A Review on Current Status of Alloys 617 and 230 for Gen IV Nuclear Reactor Internals and Heat Exchangers

[+] Author and Article Information
Weiju Ren

Metals Science and Technology Division, Oak Ridge National Laboratory, MS-6155, Building 4500-S, Oak Ridge, TN 37831renw@ornl.gov

Robert Swindeman

 Cromtech, 125 Amanda Drive, Oak Ridge, TN 37831rswindeman@comcast.net

Reduced from the initial 1000°C consideration based on analysis results that 950°C can satisfy the application requirements.

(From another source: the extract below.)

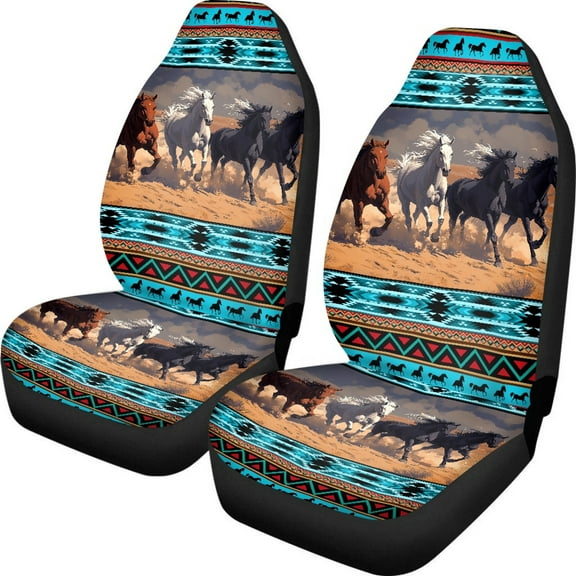 ZIATUBLE Aztec Tribal Horse Car Seat Covers Sets Soft Front Auto Seat Cover 2 Pcs Fit for Cars Sedan SUV Easy to Install Vehicle Protector Bucket Seat Cover Car Accessories for Interior Decor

J. Pressure Vessel Technol 131(4), 044002 (May 26, 2009) (15 pages) doi:10.1115/1.3121522 History: Received August 13, 2007; Revised February 24, 2009; Published May 26, 2009

Alloys 617 and 230 are currently identified as two leading candidate metallic materials in the down selection for applications at temperatures above 760°C in the Gen IV nuclear reactor systems. Qualifying the materials requires significant information related to codification, mechanical behavior modeling, metallurgical stability, environmental resistance, and many other aspects. In the present paper, material requirements for the Gen IV nuclear reactor systems are discussed; available information regarding the two alloys for the intended applications are reviewed and analyzed; and further R&D activities are suggested. In the United States the major requirement for qualifying the materials is to satisfy the ASME Subsection NH, with adequate considerations for NRC, ASME NQA-1, and Section XI. In comparison, Alloy 617 is more studied with larger existing databases in air and helium, while Alloy 230 may have highly desired potentials but needs more exploration. To provide a sound technical basis for the material selection decision, more data should be generated to characterize behaviors of both alloys in creep, loading rate sensitivity, fatigue, creep-fatigue, crack resistance, toughness, product form dependency, and metallurgical stability.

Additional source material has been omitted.